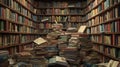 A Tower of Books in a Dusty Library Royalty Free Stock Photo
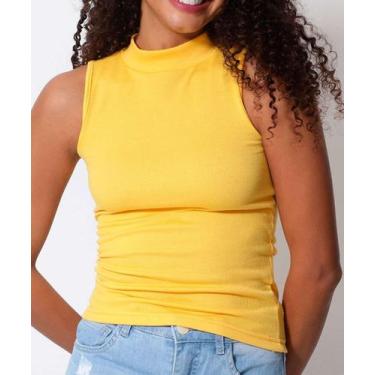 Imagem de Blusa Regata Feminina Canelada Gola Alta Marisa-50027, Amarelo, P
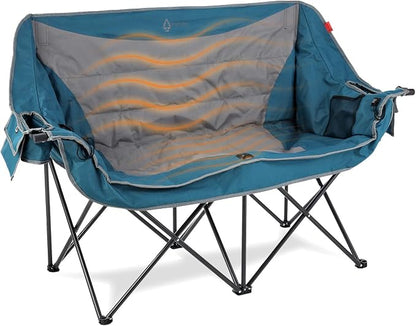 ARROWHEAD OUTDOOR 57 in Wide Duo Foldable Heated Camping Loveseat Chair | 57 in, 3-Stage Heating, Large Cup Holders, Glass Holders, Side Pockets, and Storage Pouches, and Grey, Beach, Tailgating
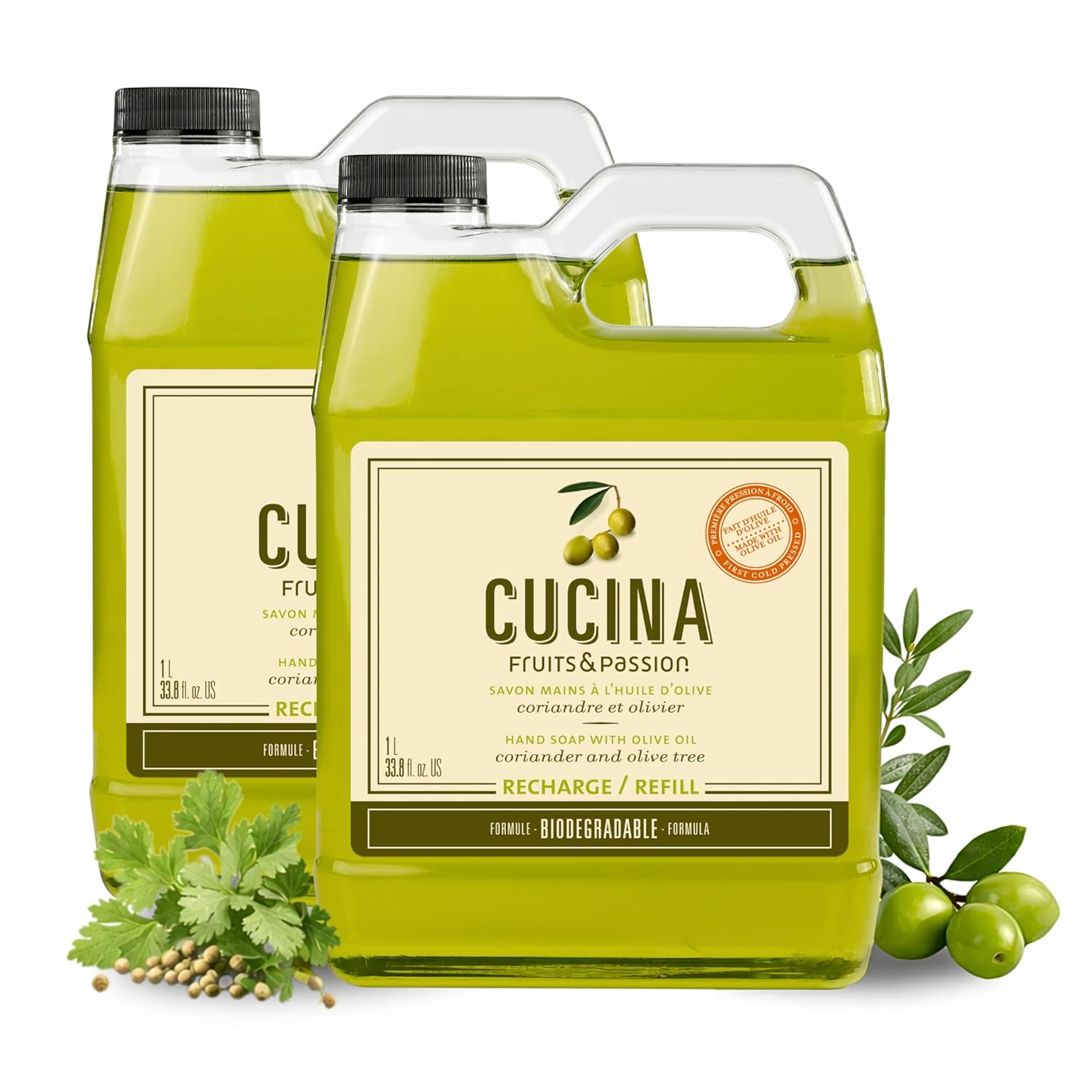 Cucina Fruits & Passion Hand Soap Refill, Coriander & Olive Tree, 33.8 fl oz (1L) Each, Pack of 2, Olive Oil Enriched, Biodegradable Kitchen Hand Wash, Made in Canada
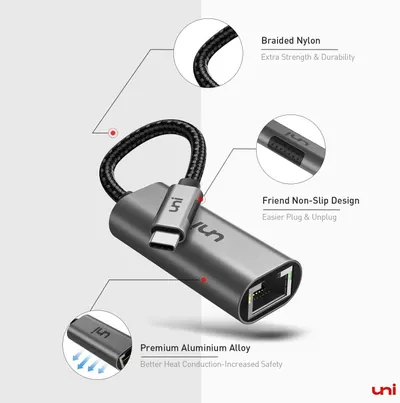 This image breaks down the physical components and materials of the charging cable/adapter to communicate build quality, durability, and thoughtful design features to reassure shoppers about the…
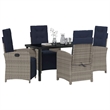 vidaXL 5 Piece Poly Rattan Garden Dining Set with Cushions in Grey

» **TASK TO CARRY OUT**:
From the first line to the last, retype the data exactly, without images.

» **ANSWER AREA**:
 A Tower of Books in a Dusty Library Royalty Free Stock Photo
 Imagem de Blusa Regata Feminina Canelada Gola Alta Marisa-50027, Amarelo, P
 ARROWHEAD OUTDOOR 57 in Wide Duo Foldable Heated Camping Loveseat Chair | 57 in, 3-Stage Heating, Large Cup Holders, Glass Holders, Side Pockets, and Storage Pouches, and Grey, Beach, Tailgating
 Cucina Fruits & Passion Hand Soap Refill, Coriander & Olive Tree, 33.8 fl oz (1L) Each, Pack of 2, Olive Oil Enriched, Biodegradable Kitchen Hand Wash, Made in Canada
 This image breaks down the physical components and materials of the charging cable/adapter to communicate build quality, durability, and thoughtful design features to reassure shoppers about the…
 vidaXL 5 Piece Poly Rattan Garden Dining Set with Cushions in Grey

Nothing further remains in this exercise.